Marek Dąbrowski i Jacek Czachor zakończyli właśnie Baja Poland 2013 na najwyższym stopniu podium - w klasyfikacji mistrzostw Polski i Strefy Europy Centralnej CEZ - oraz na drugim w cyklu Pucharu Świata.
– Kompletnie nie spodziewaliśmy się takiego wyniku. Jechaliśmy tam pełni obaw – wspomina Jacek Czachor, który pilotował Dąbrowskiego w tym rajdzie. – Tymczasem się udało.
Jak wspominają rajdowcy, podział ról, obowiązujący podczas tych zawodów był właściwie od początku. – Wiedziałem, że będę nawigował, a Marek będzie kierowcą – opowiada Czachor.
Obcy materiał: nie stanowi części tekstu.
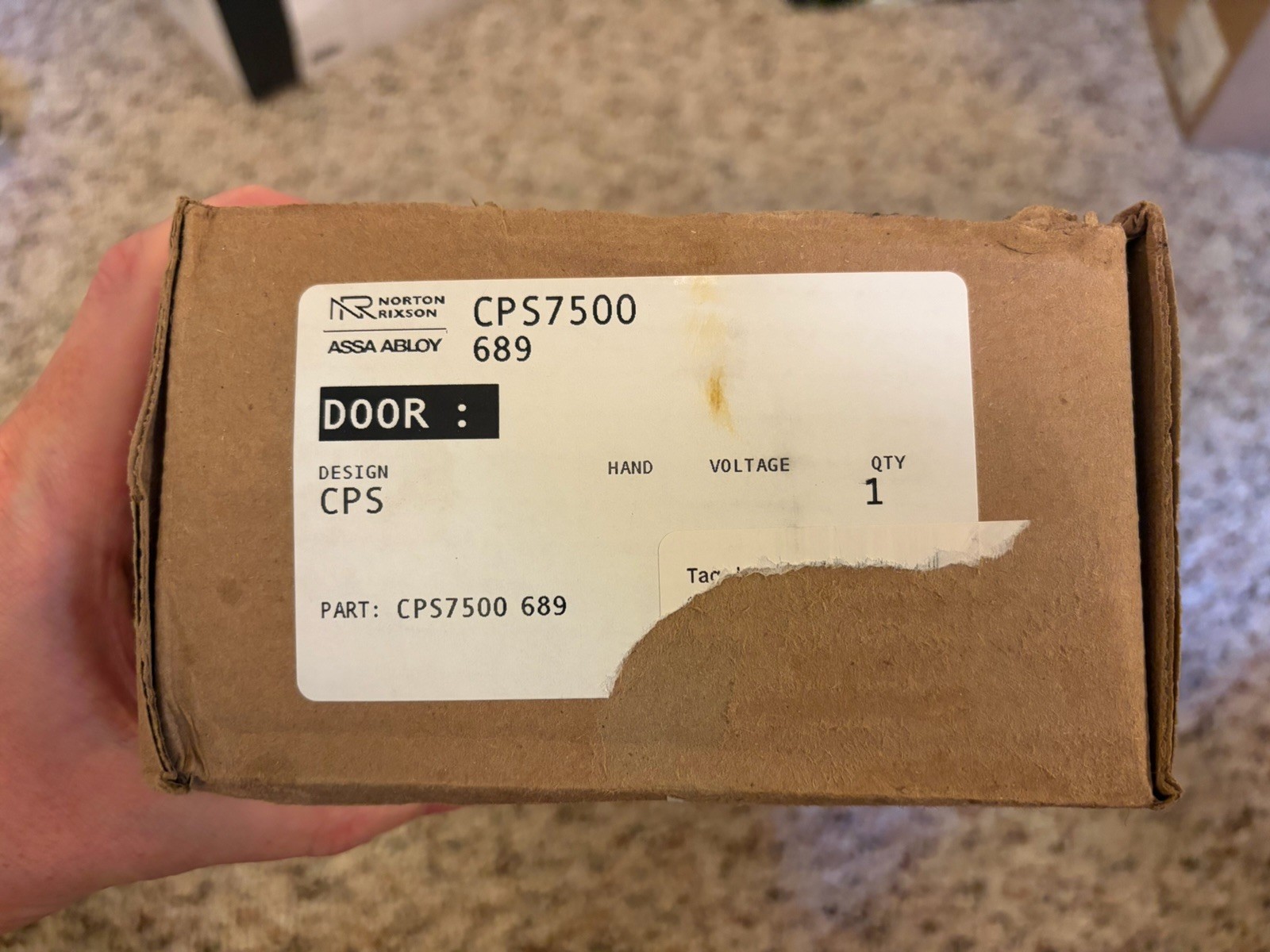 Norton CPS7500 689 Door Closer- Brand New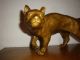 Signierte Große Katze 42 Cm,  4 Kg,  Raubtier - Messing Bronze - Top 1950-1999 Bild 4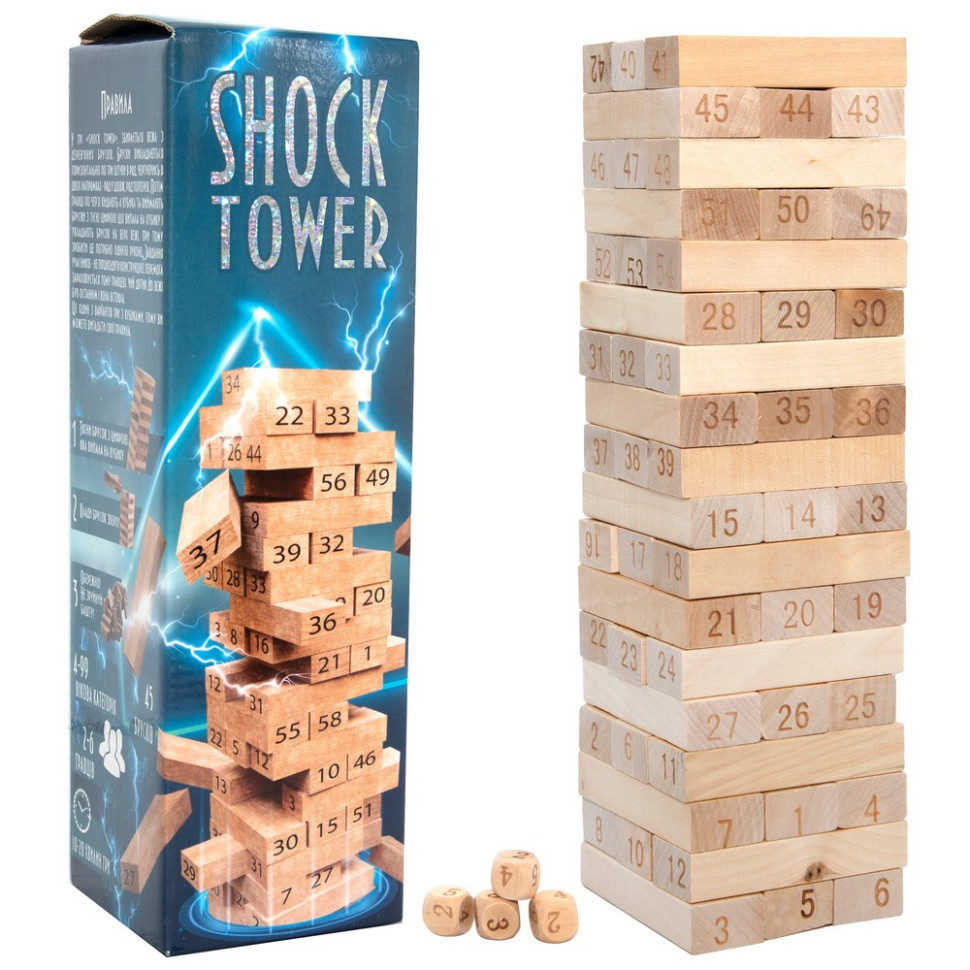 Фото Настольная игра "Shock Tower" на vchehle.ua
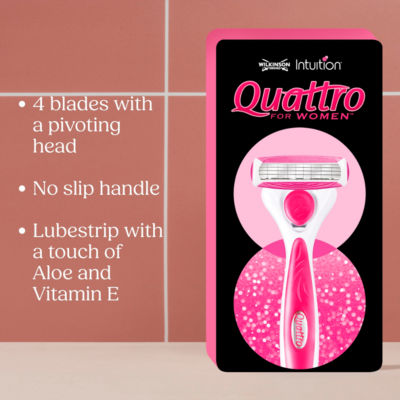 Wilkinson Sword Intuition Quattro women's razor blades 3 pack (British brand)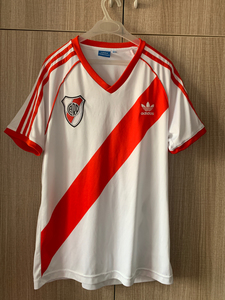 阿迪达斯 adidas 阿根廷河床队 经典主场队服球衣 经典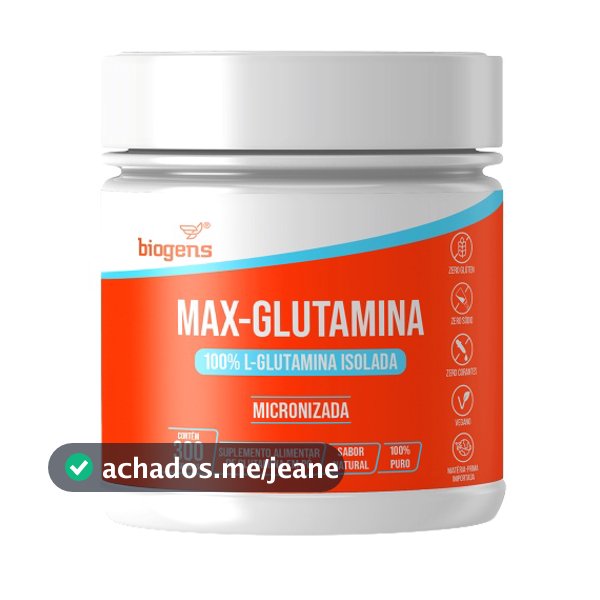 BIOGENS MAX GLUTAMINA 300G (100% L-GLUTAMINA)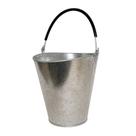 Balde Oval Galvanizado 8 Litros - Alta Durabilidade Uso Doméstico e Profissional - SF25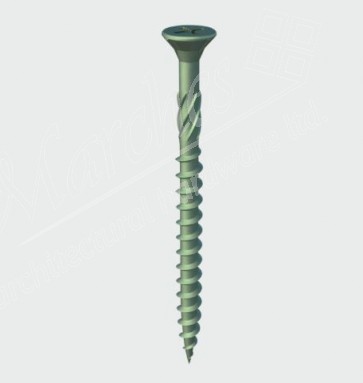 4.5 x 50mm Decking Screws (x200)  - Exterior (Green)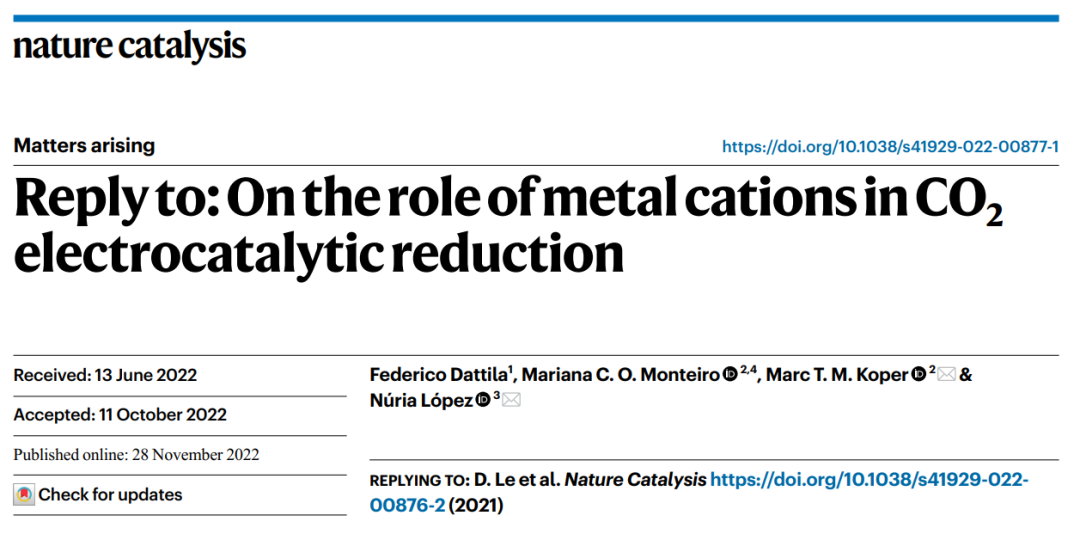 争议连连！这一话题连发5篇Nature Catalysis！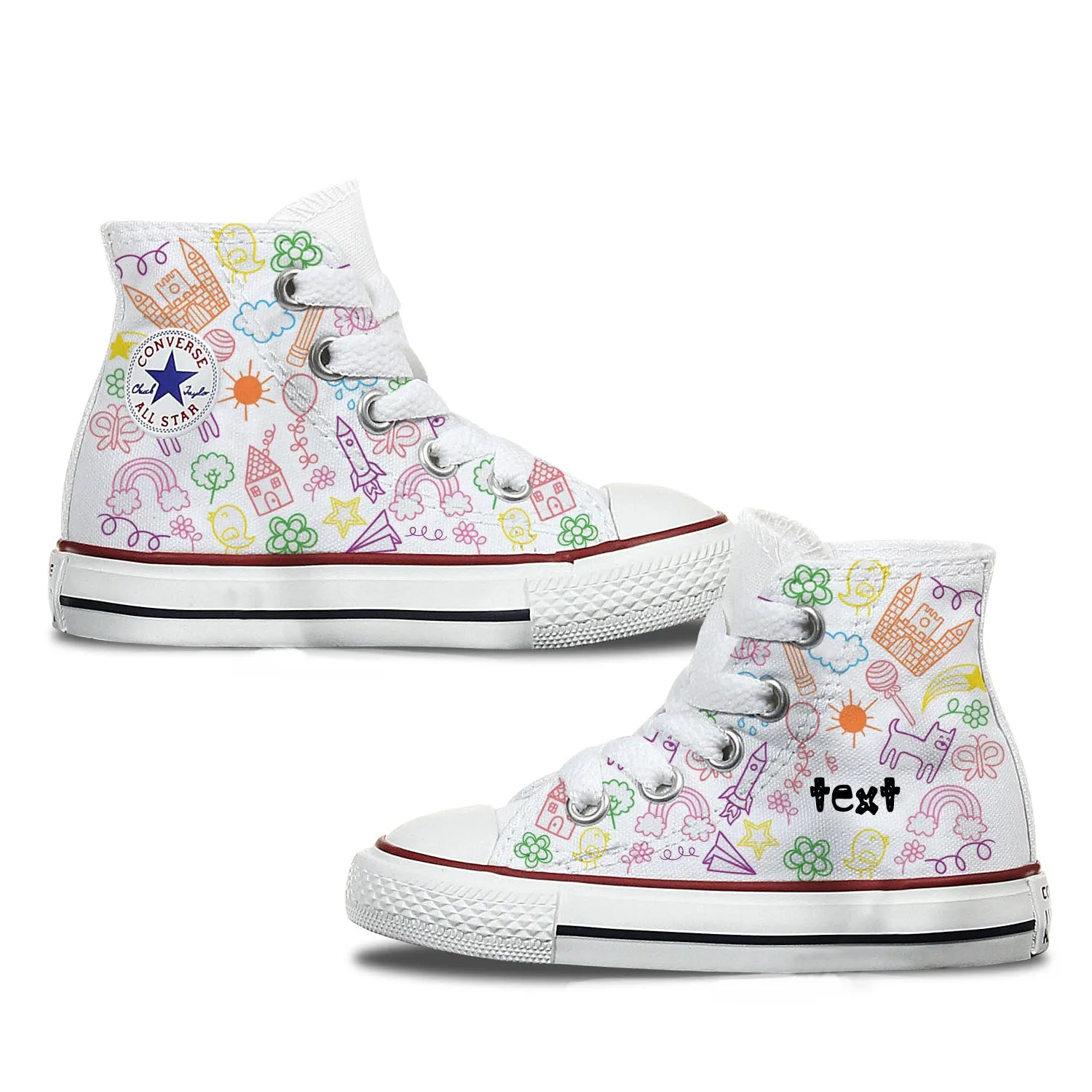 Scribble Personalised Converse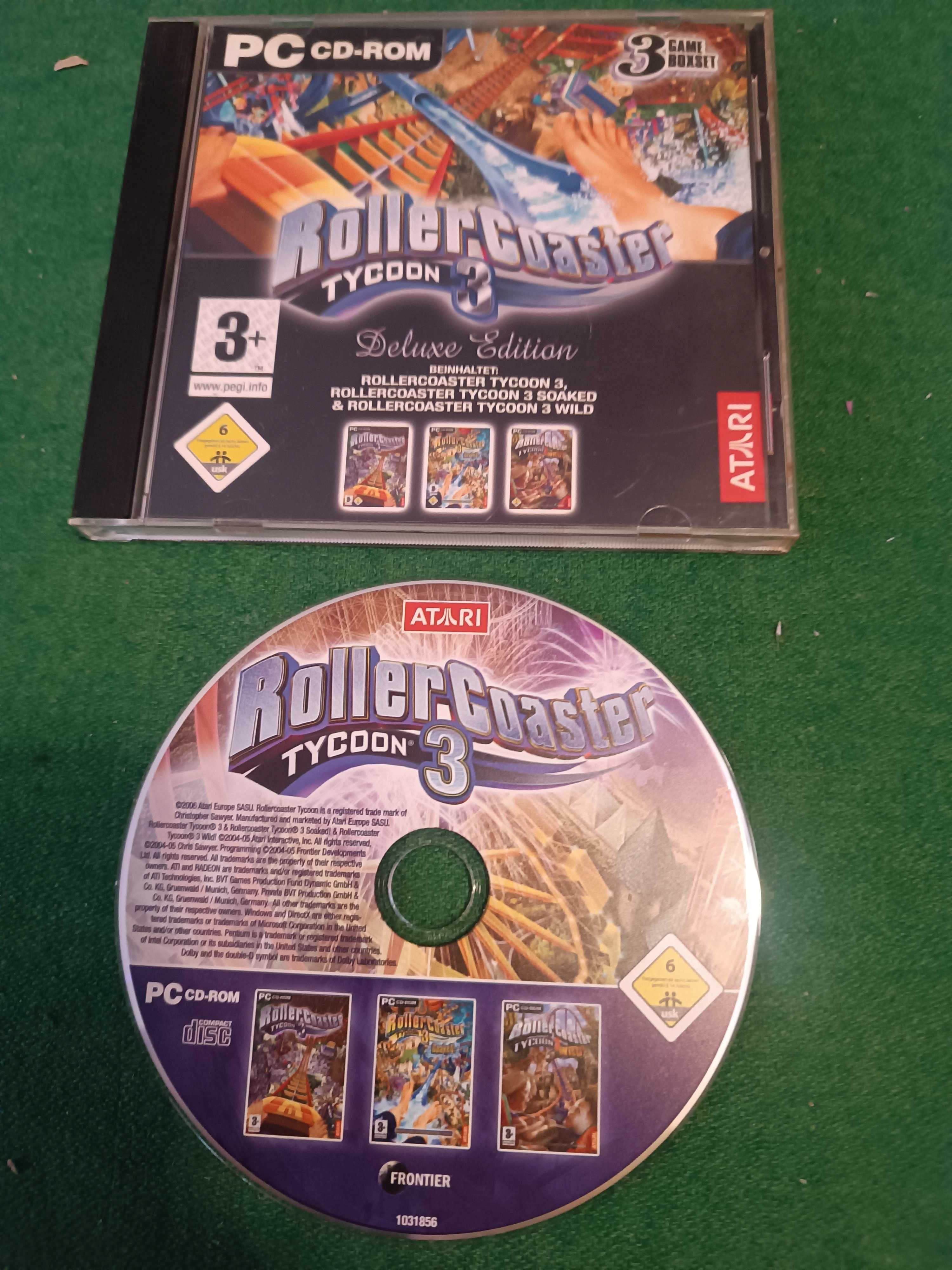 Gra PC - RollerCoaster Tycoon 3 Deluxe Edition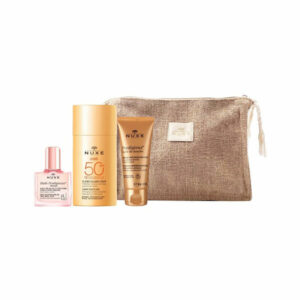 NUXE TROUSSE FLUIDE LEGER SPF50+ 50ML+PRODIGIEUX HUILE DE DOUCHE 30ML (OFFERT)+HUILE PRODIGIEUSE FLORALE 10ML (OFFERT)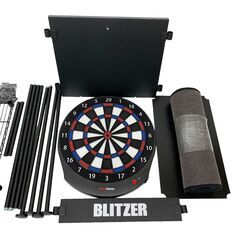 24C360_ジ7【美品】GRANBOARD ダーツボード + BLITZER ダーツスタンド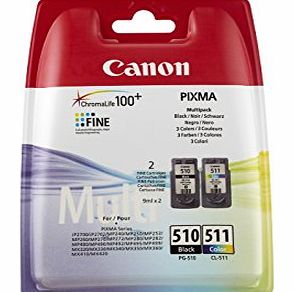 Canon PG510/ CL511 Ink Cartridge Multi Pack - Black/ Colour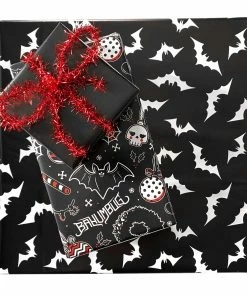 SOURPUSS BATTY HUMBUG GIFT WRAP SET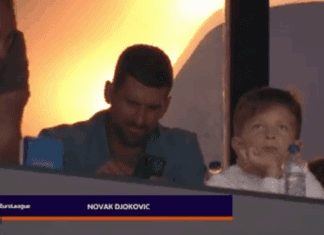 Новак Ѓоковиќ исвиркан во Евролигата: Знаеше што го чека кога влезе во салата (ВИДЕО)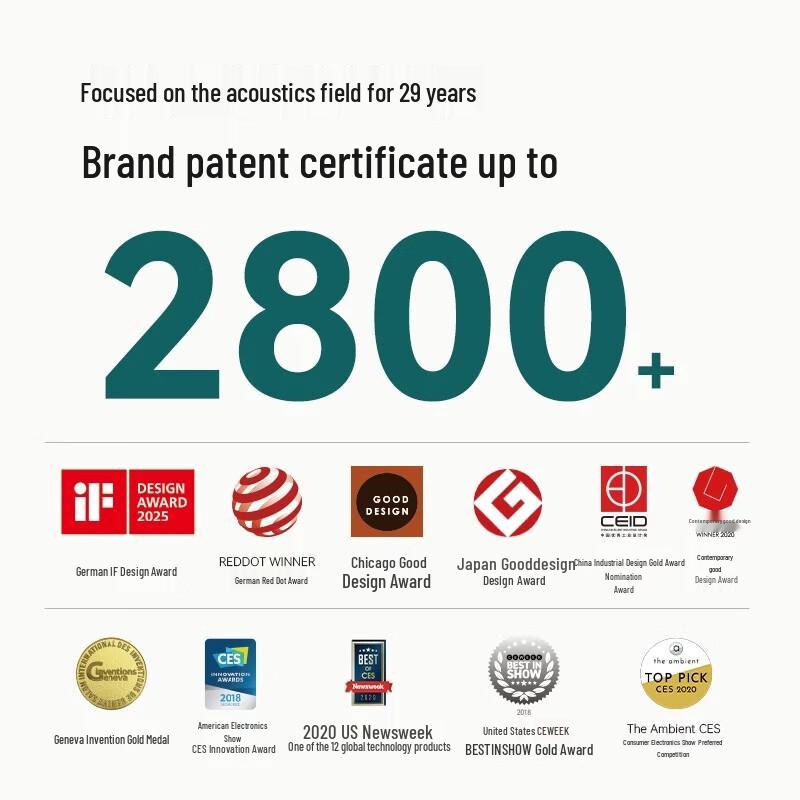 cleerClip Open-Ear Wireless Headphones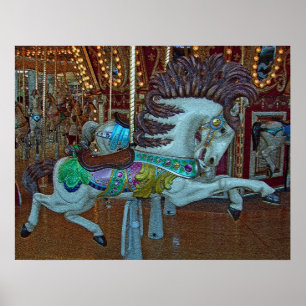 Affiche Cracker Merry-Go-Round Horse
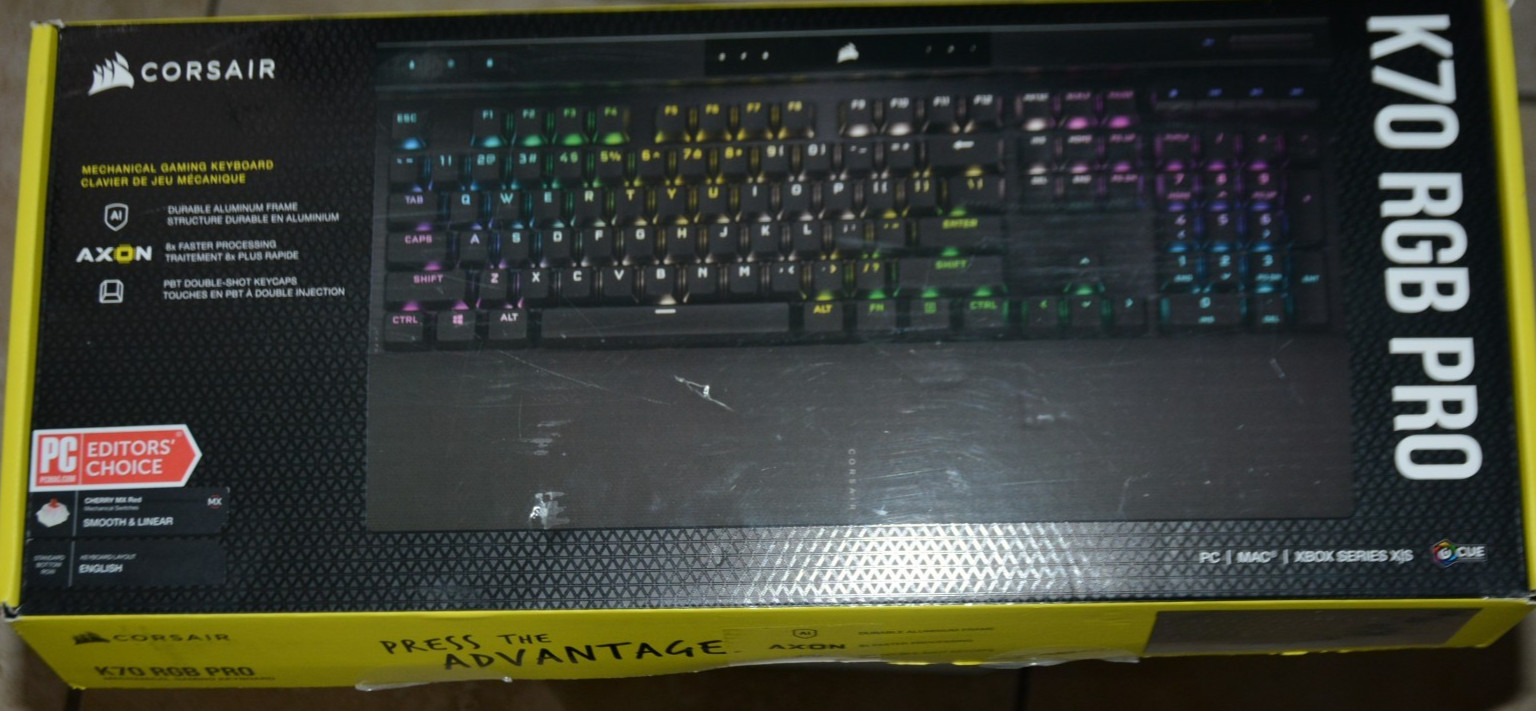 Corsair K70 RGB PRO Mechanical Gaming Keyboard. (Editor choice)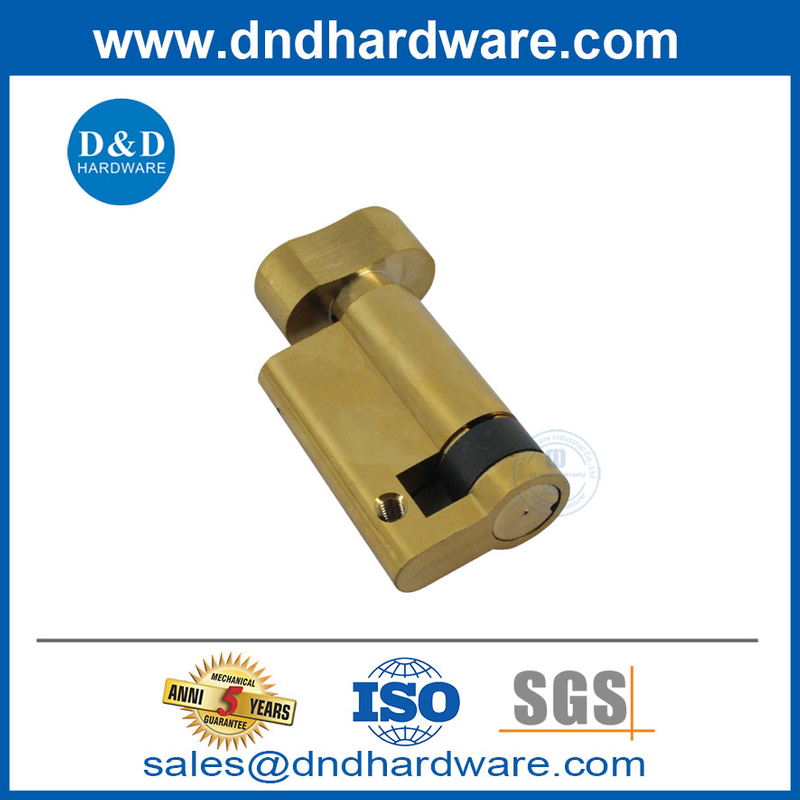 باب الحمام بدون مفتاح Thumbturn Small Euro Brass نصف أسطوانة قفل الأسطوانة -DDLC009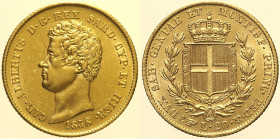 REGNO DI SARDEGNA - CARLO ALBERTO (1831-1849) 20 Lire 1838 Torino - Gig. 29 R AU Oro Gold gr. 6,46 Di difficile reperibilità in questa qualità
– Nie boimy się rywalizacji, bo w motocyklach było jej bardzo dużo – tłumaczą goście "Poranka OnLine". – Tym razem, choć na ostatnim odcinku założyliśmy złe opony i wiedzieliśmy, że jedną z nich przebijemy, widzieliśmy, że kolejny kierowca wciąż jest za nami. A już 4 km przed metą byliśmy pewni, że możemy być spokojni o wynik.
Przed nimi kolejne wyzwania, m.in. pustynia w Maroku, kamieniste drogi Portugalii. Docelowo chcą przejechać legendarny Rajd Dakar. – To taka olimpiada – przyznają goście Czwórki. – Zawody najdłuższe, najtrudniejsze, najbardziej medialne. Ten, kto wystartuje i zajmie dobre miejsce, jest królem.